═════ DATA SUPPLIED ═════

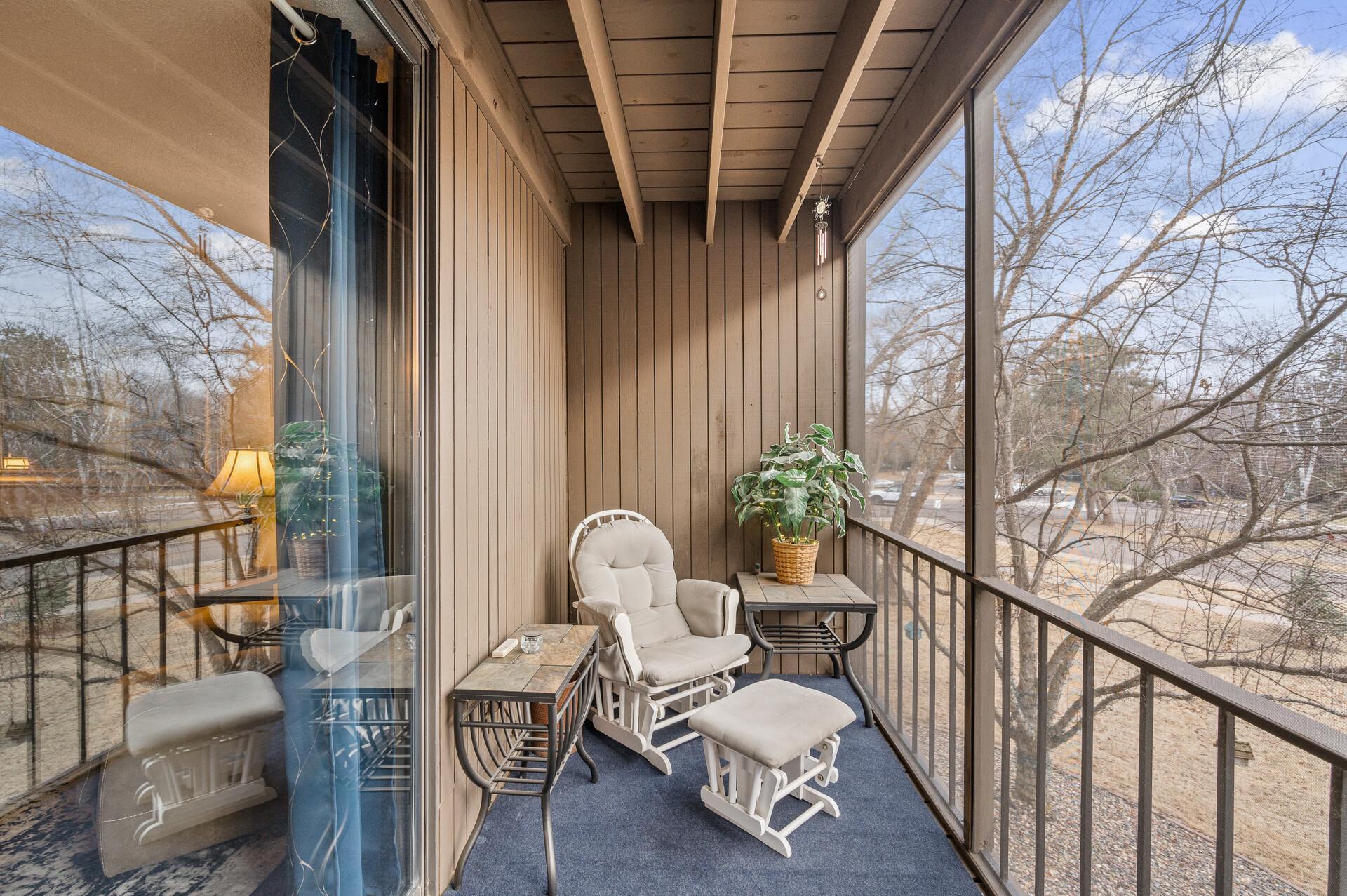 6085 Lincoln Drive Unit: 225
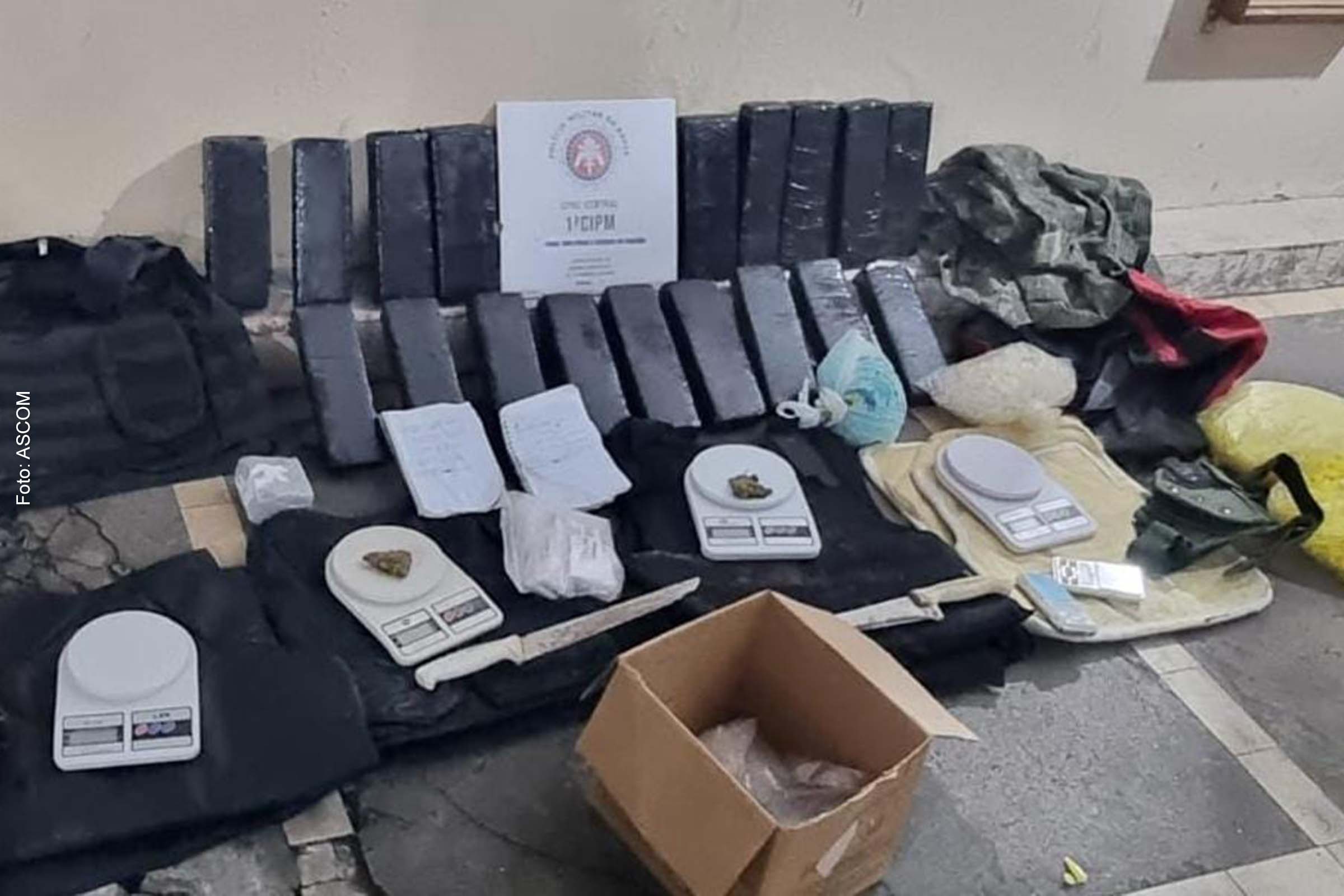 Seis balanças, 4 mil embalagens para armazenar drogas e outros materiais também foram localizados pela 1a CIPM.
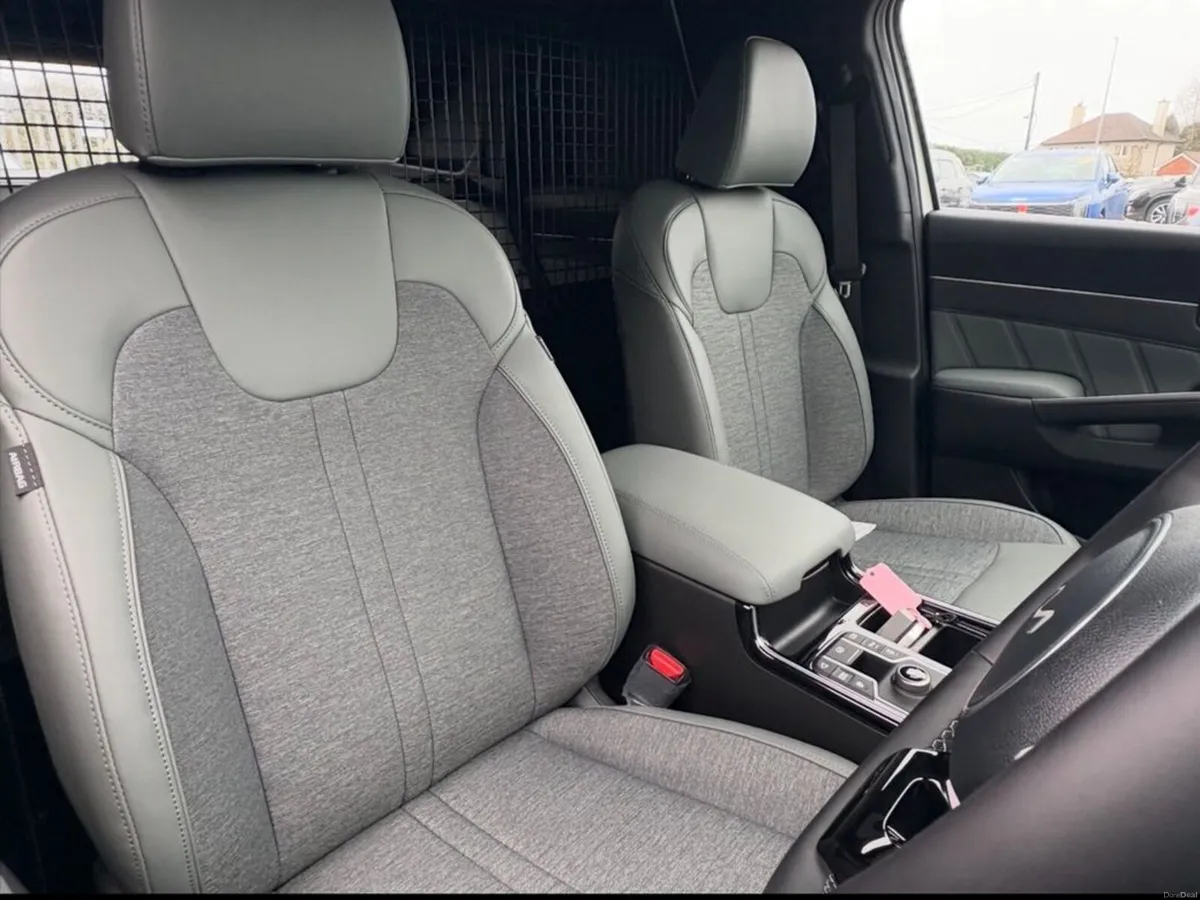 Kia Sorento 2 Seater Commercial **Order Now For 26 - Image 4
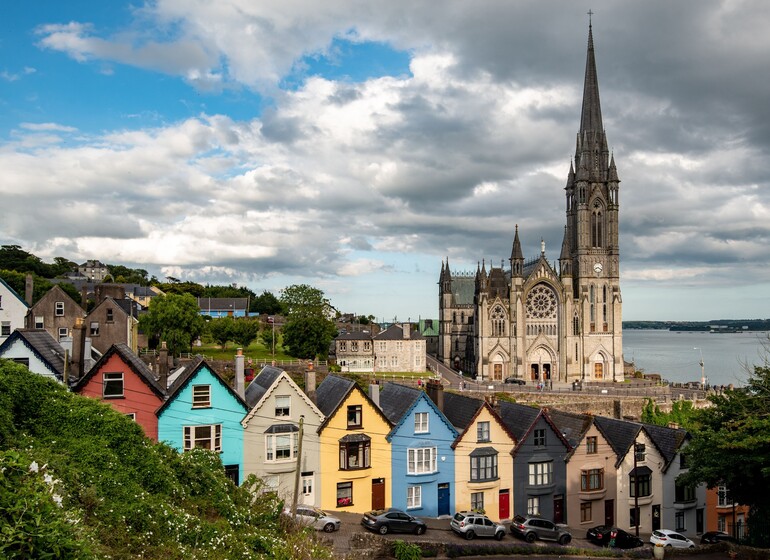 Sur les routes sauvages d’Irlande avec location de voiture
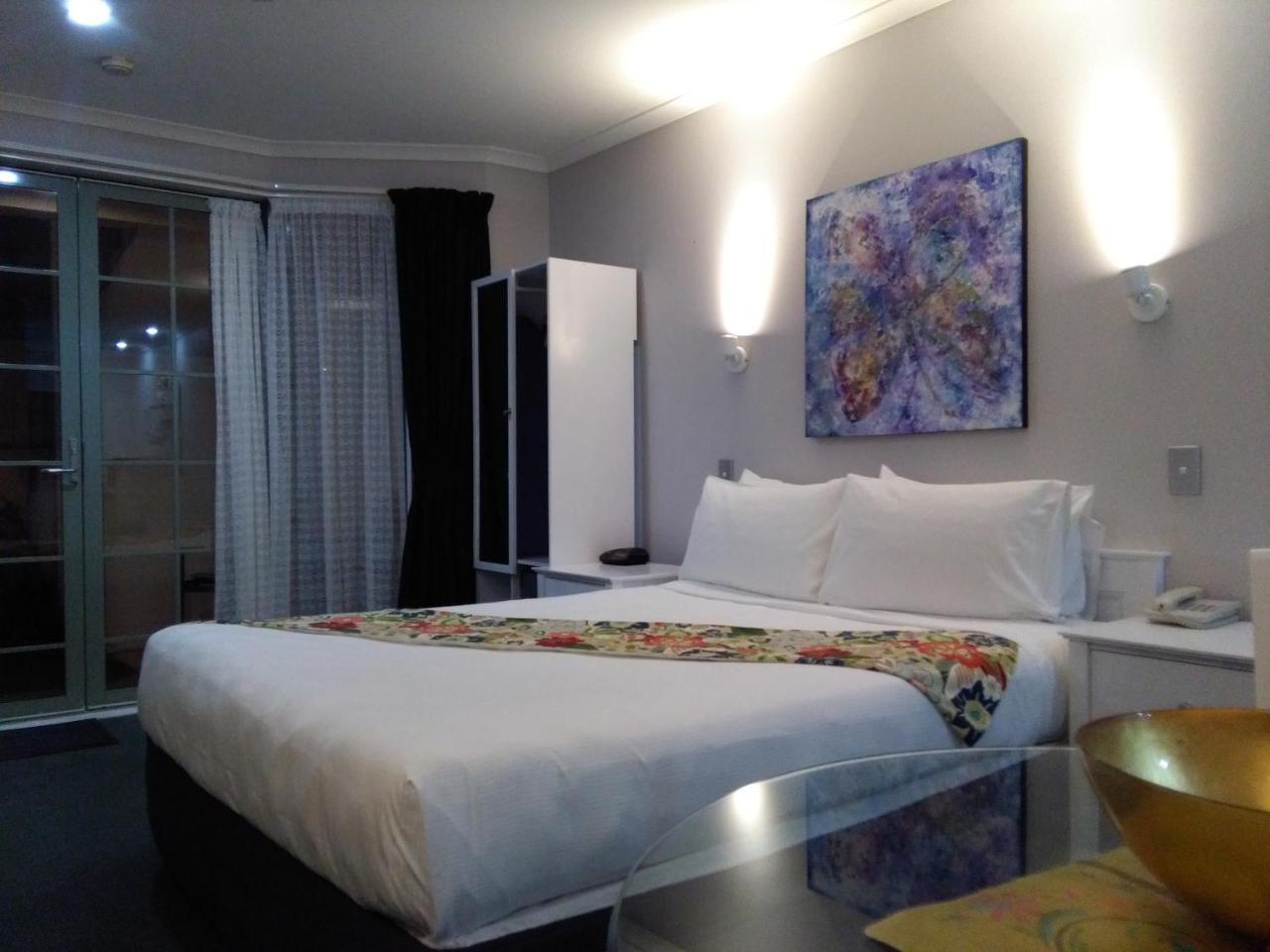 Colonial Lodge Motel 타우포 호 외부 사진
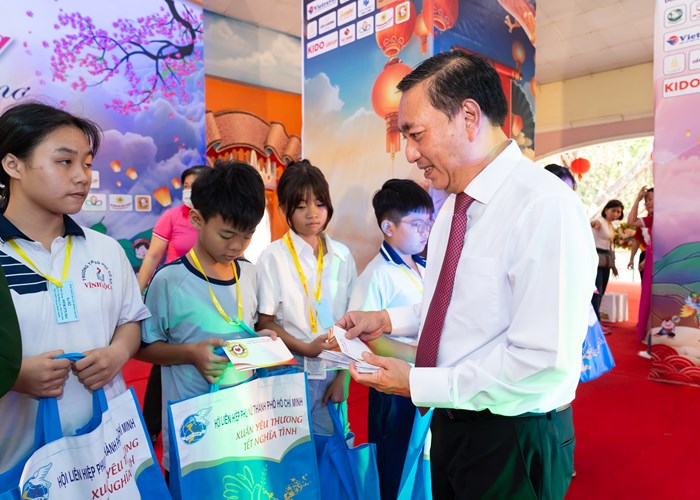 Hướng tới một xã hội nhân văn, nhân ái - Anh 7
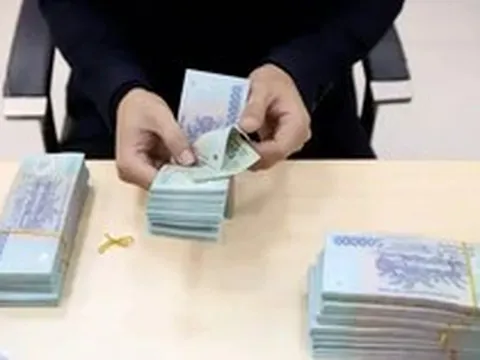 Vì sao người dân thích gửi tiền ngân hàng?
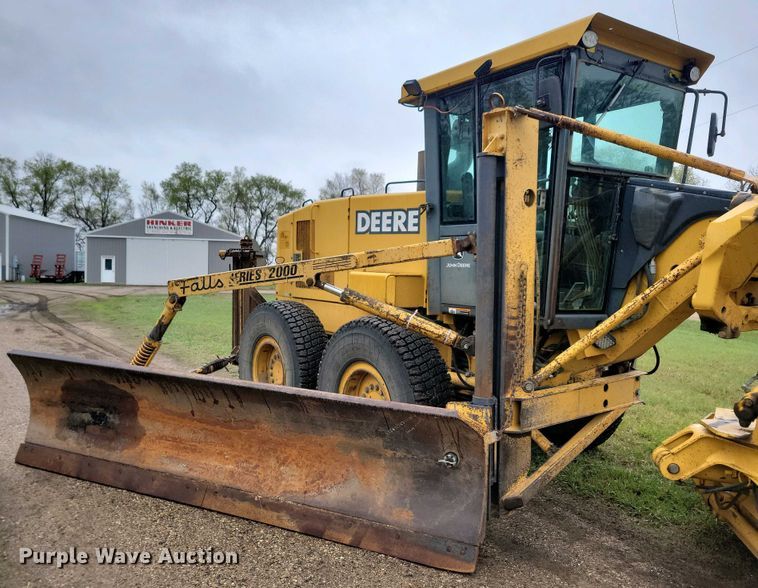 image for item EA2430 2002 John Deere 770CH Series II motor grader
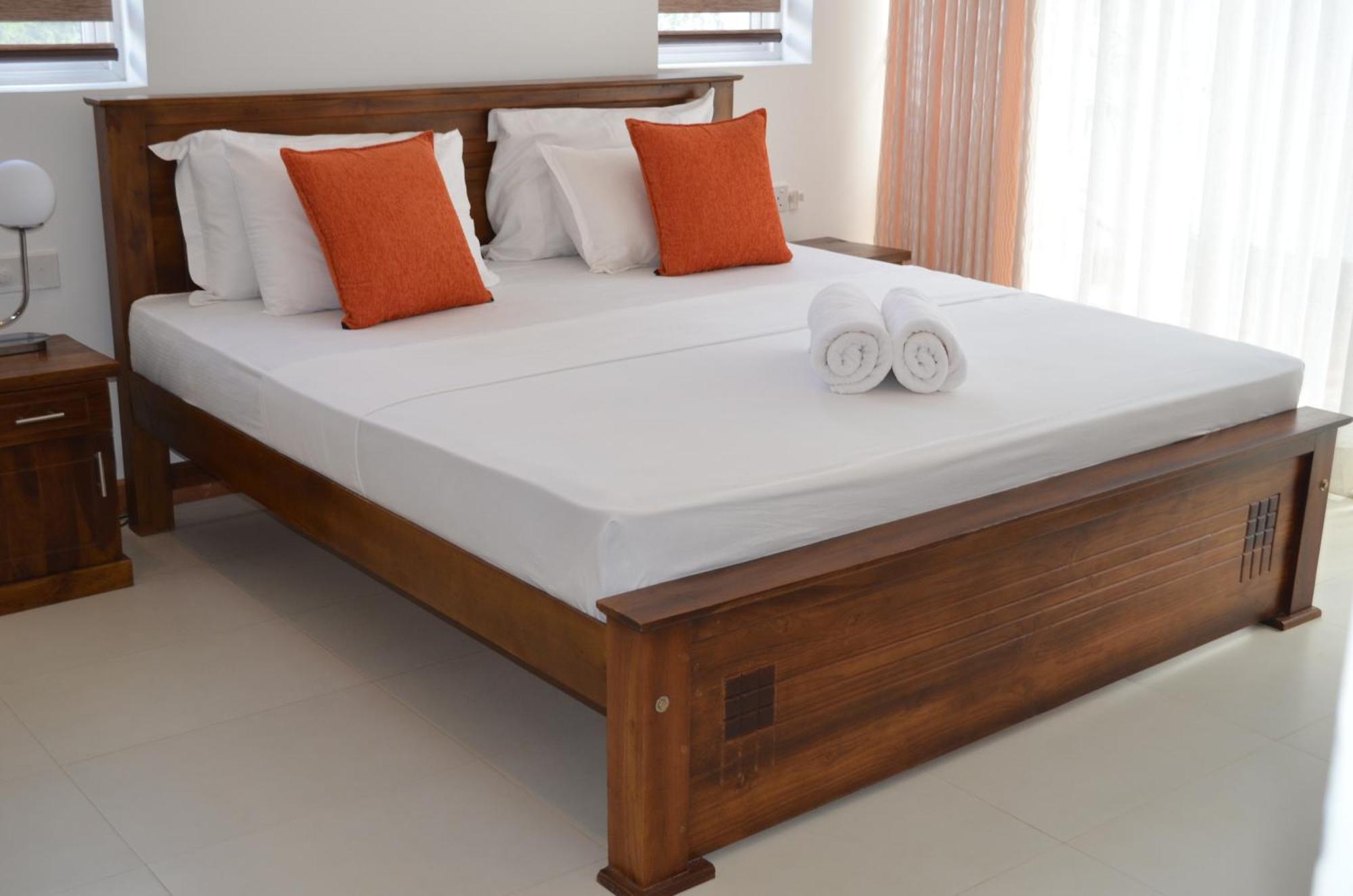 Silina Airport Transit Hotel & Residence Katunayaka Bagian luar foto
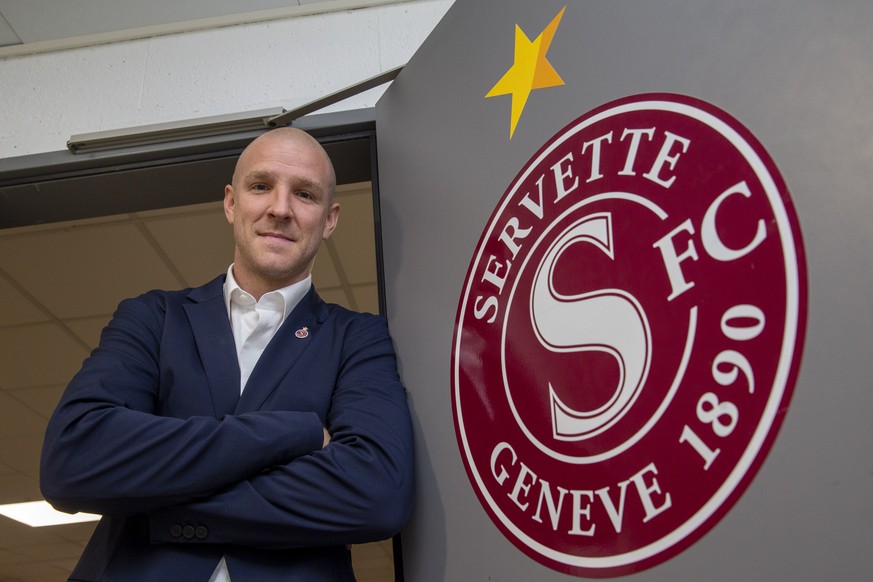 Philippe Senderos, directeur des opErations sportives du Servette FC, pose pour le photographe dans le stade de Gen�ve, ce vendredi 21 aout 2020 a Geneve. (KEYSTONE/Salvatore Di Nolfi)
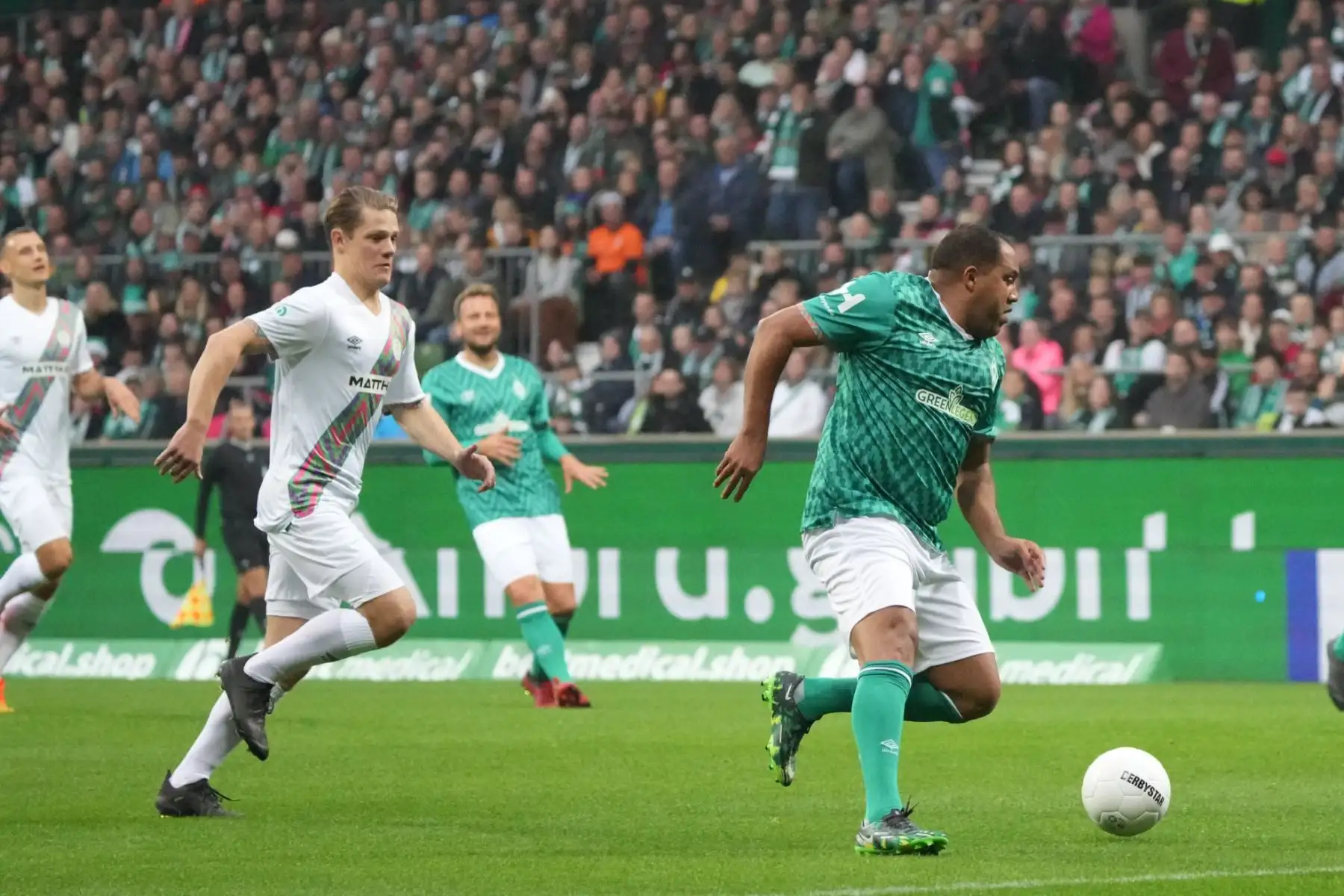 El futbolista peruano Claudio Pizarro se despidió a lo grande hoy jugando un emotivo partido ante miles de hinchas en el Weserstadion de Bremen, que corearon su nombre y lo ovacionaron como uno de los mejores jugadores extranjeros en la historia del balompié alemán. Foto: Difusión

═════

TASK OBJECTIVE: Please return only the lines from the one holding "Vì sao người dân thích gửi tiền ngân hàng?" through the end of the data, both ends included; do not copy any pictures.

ANSWER TO THIS TASK:
 Vì sao người dân thích gửi tiền ngân hàng?
 image for item EA2430 2002 John Deere 770CH Series II motor grader
 Silina Airport Transit Hotel & Residence Katunayaka Bagian luar foto
 Philippe Senderos, directeur des opErations sportives du Servette FC, pose pour le photographe dans le stade de Gen�ve, ce vendredi 21 aout 2020 a Geneve. (KEYSTONE/Salvatore Di Nolfi)
 El futbolista peruano Claudio Pizarro se despidió a lo grande hoy jugando un emotivo partido ante miles de hinchas en el Weserstadion de Bremen, que corearon su nombre y lo ovacionaron como uno de los mejores jugadores extranjeros en la historia del balompié alemán. Foto: Difusión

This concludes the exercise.